SSDs Getting Faster, Smaller
As recent advances indicate, SSDs have only just begun to tap their enormous potential, with each successive generation promising to take on more responsibility in highly complex data environments.
But that doesn't mean SSDs are dead in the water, developmentally speaking. As recent advances indicate, SSDs have only just begun to tap their enormous potential, with each successive generation promising to take on more responsibility in highly complex data environments.
Many of the recent gains have centered around the I/O interface that connects the SSD to the wider world. SMART Modular Technologies, for example, recently launched an updated version of the XceedIOPS device with a 6 Gbps SATA interface that delivers up to 60,000 random IOPS and a sequential rate of 520 MBps. This is on a 1.8-inch form factor ranging from 50 to 400 GB.

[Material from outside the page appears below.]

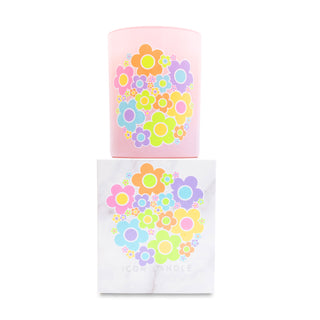 Pink candle with colorful floral design on top of matching white box on a white background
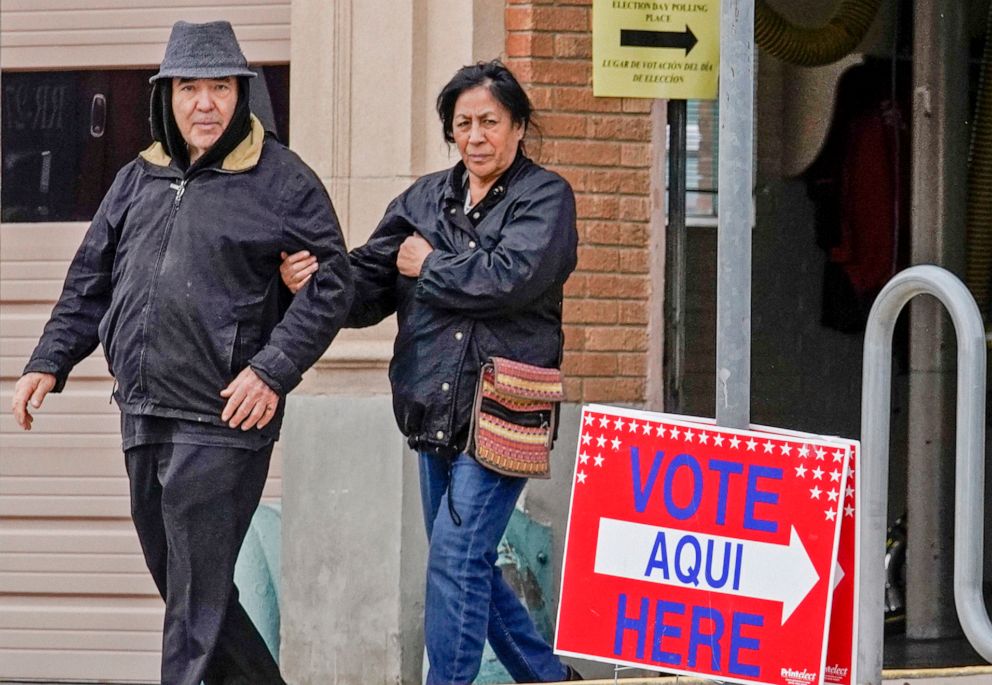 PHOTO: Julio Villalobos and Lucy Martinez Aguirre leave El Paso Fire Station 3 after casting their votes in the presidential primary in El Paso, Texas on Super Tuesday, March 3, 2020.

And even as throughput is increasing, cross-platform interoperability is improving as well. The Open NAND Flash Interface (ONFI) working group recently published its 3.0 standard, effectively doubling NAND interface transfer rates to 400 MBps. The standard uses non-volatile DDR2 technology that will allow upcoming NAND controllers to either increase performance or maintain existing performance with half the channel count, lowering both the cost and footprint of future SSDs.
Action is also happening in Flash memory itself. Intel recently announced a new 25 nm device aimed largely at notebook and PC applications, where it will provide dramatically increased density at lower cost. The SSD 320 Series, as it is known, will range from 40 to 160 GB and supports the 3G SATA II interface to double sequential write speeds to 220 MBps.
That's not the end of the story, however, as Intel and Micron say they are preparing to release a 20 nm chip within the next month or so. The move would represent a significant improvement in Flash technology, essentially doubling densities at the chip level. However, we'll have to wait and see how well the companies overcome the significant engineering challenges when manufacturing circuitry that small -- literally, thicknesses measured in atoms. Expect to see some fairly advanced error correction and signal processing on a working device.
All this talk about advanced Flash architectures and high-speed interfaces almost makes it seem like today's cutting-edge technology is already on the way out. And in a way, it is. Despite the high upfront cost of SSDs today, their shelf-life is likely to be rather short. That's why it's probably best to reserve capital budgets for SSDs only where they are truly needed, say, in high-speed transactional or database environments.
There may come a time when SSDs can be comfortably deployed in more general-purpose settings, but that certainly won't be tomorrow.